Yesterday was the Vermont primary. It was my first time voting in my new town. The funny thing is that I was confused when I changed my voter registration to my new address (the confusion happened with the power company too). You see, my apartment complex sits at the junction of three towns. My address is one town, because my mailbox is on that side of the line. My apartment, however, is in another town. So, when I registered to vote here, I thought I was signing up for the town that is my address, but it turns out that I had to register for the town where my apartment actually sits, even though my mailbox is only about ten or twenty yards away from my apartment. Vermont is a strange little place. Half the people in my apartment complex vote in one town, and the other half vote in the other town.

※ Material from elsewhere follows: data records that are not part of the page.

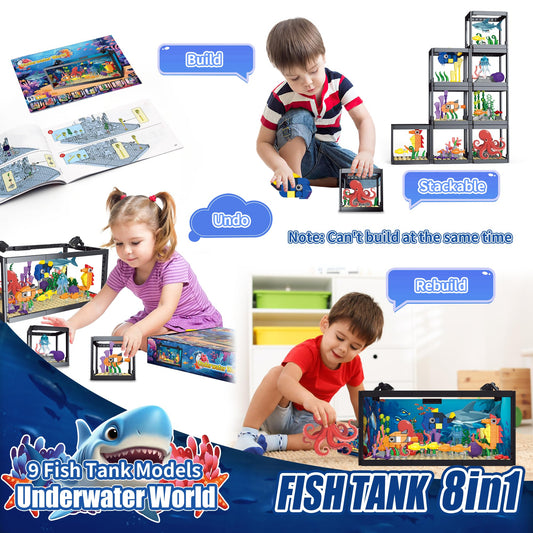 AKWME crab and octopus miniatures for imaginative marine play.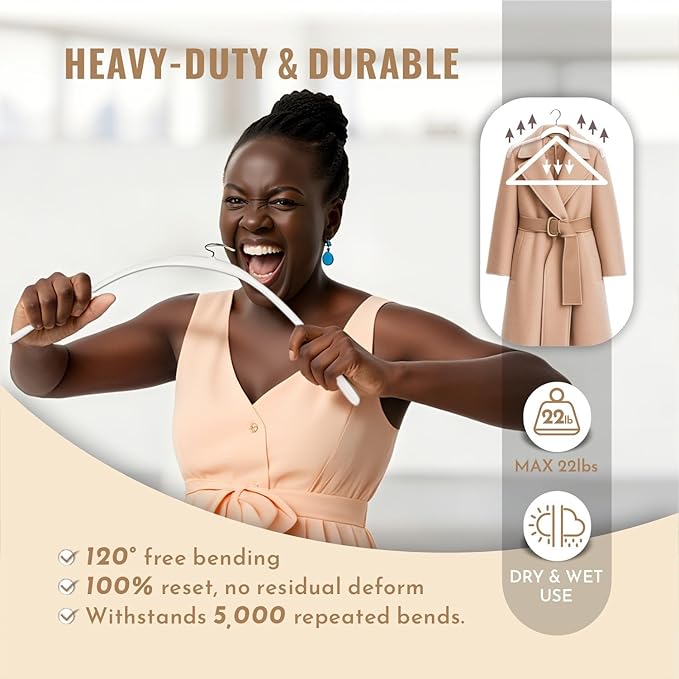 30 Pack Velvet Clothes Hangers, Non-Slip Flocked Hangers with 360° Swivel Hook, Space-Saving Slim Felt Hangers for Shirts, Coats, Dresses, Blouses(White)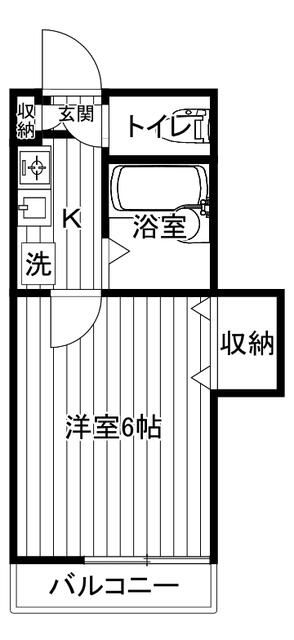 セレンディップ 205号室 間取り
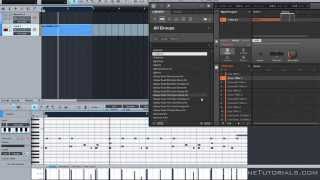 Maschine 21 Midi batch update drag and drop Midi into Studio One 2 [upl. by Anirehc399]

None of the apartments are in the third town, you drive through it while driving down the driveway of my apartment complex. It’s quite confusing. The way I initially found out that my physical address and my mailing address are in separate towns was when I called the electric company to set up that account. My physical and mailing address are different for them too.
Anyway, this was actually a pretty exciting primary for Vermont. With Patrick Leary’s retirement, his Senate seat is open, so our Representative Peter Welch is running for that seat. As I am writing this, 27 percent of the vote is reporting and Welch is winning with 86 percent of the vote. The AP has already declared him the winner, and he will likely win the general election, as well. This is Vermont after all, the home of Bernie Sanders. In the Republican primary, the front runner had been Christina Nolan, who is a lesbian. However, the hate group National Organization for Marriage, better known as NOM, came out against her solely because she is a lesbian. Gerald Malloy, a West Point graduate and businessman who has only lived in Vermont for two years, seems to have gotten a boost because of NOM and is leading the race with 43 percent to Nolan’s 37.5 percent. The other candidate has just over 19 percent of the vote.

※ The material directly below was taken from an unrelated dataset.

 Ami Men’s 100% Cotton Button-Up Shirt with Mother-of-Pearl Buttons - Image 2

The more interesting race is to fill Peter Welch’s soon to be vacant seat. Honestly, the Republicans in that race don’t matter. It’s the Democratic primary that everyone is watching. Three candidates are vying for the nomination. Becca Balint is a long-time Vermont legislator who is currently president pro tempore of the Vermont Senate. She is a former social studies teacher and the first lesbian to lead the senate. Her main rival is the current Lieutenant Governor Molly Gray, whose only political experience is two years as lieutenant governor and working in the congressional offices of Welch and Leahy, who both endorsed her. Bernie endorsed Balint. The third candidate is Dr. Louis Meyers, whose main campaign issue is that Vermonters care about the issues not sending their first woman to Congress. It was not a winning strategy for Meyers, who at the time of writing this had 1.5 percent of the vote. The AP called the race for Balint, who with nearly 40 percent of the vote reporting had over 61 percent of the vote and over a thousand more votes than Gray.

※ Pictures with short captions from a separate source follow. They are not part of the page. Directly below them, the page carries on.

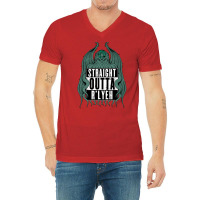 Straight Outta R'lyeh V-neck Tee | Artistshot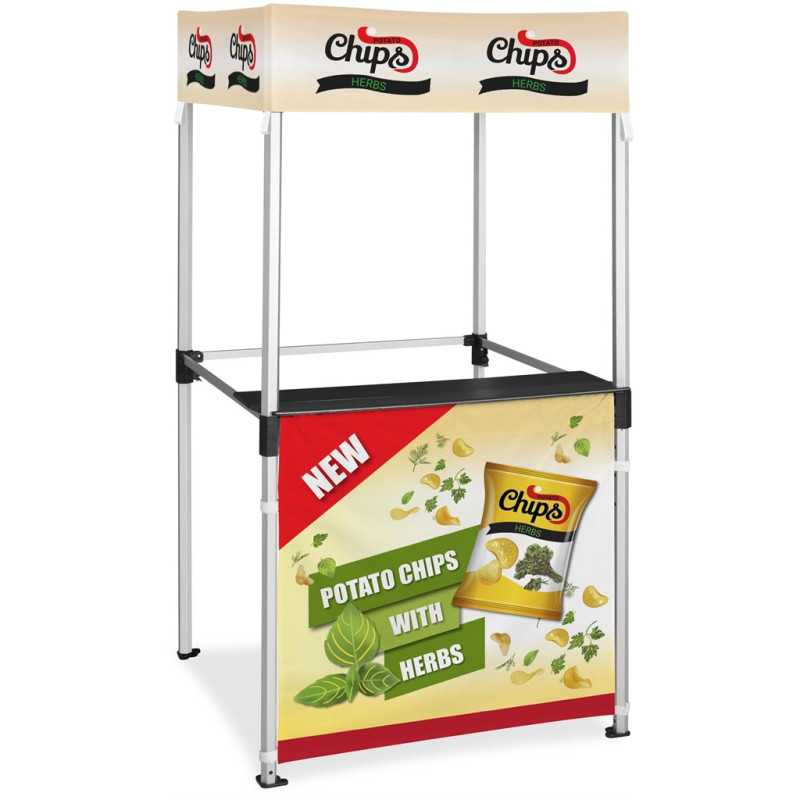 Ovation Sublimated Gazebo 1m X 1m Kiosk - 1 Half-Wall Skin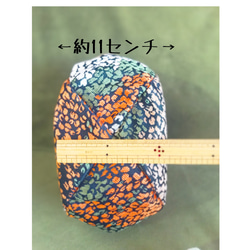 サスティナブル作品！リユース帯を使用した博多織り 〜 シルクのモダンがま口ショルダーバッグ 8枚目の画像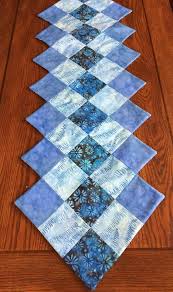 Blue Batik Table Runner Batik Table Runner Handmade Table Runner Diy Batik Table Runners Handmade Table Runner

There are also a number of other statewide races up for grabs. With Gray running for Congress, the lieutenant governor office is up for election. The two front runners there were David Zuckerman, the lieutenant governor before Gray who stepped down to run for governor and Kitty Toll who was endorsed by Howard Dean and has had the most television ads.. I personally don’t like Zuckerman, so I voted for Toll, but it appears that Zuckerman May win as he has 45 percent of the vote to Toll’s 38 percent with 43 percent reporting. The other recently vacant state offices were for attorney general and Secretary of State. Both candidates I voted for in these two races are trailing in the reported results.
I’m most happy about Balint’s win. The others were not very important for me. I think we need more good social studies teachers in Congress. The good ones who teach civics and government know what really goes on in politics. They also tend to know the history of the American political systems and the ups and downs of American History. We also need more LGBTQ politicians.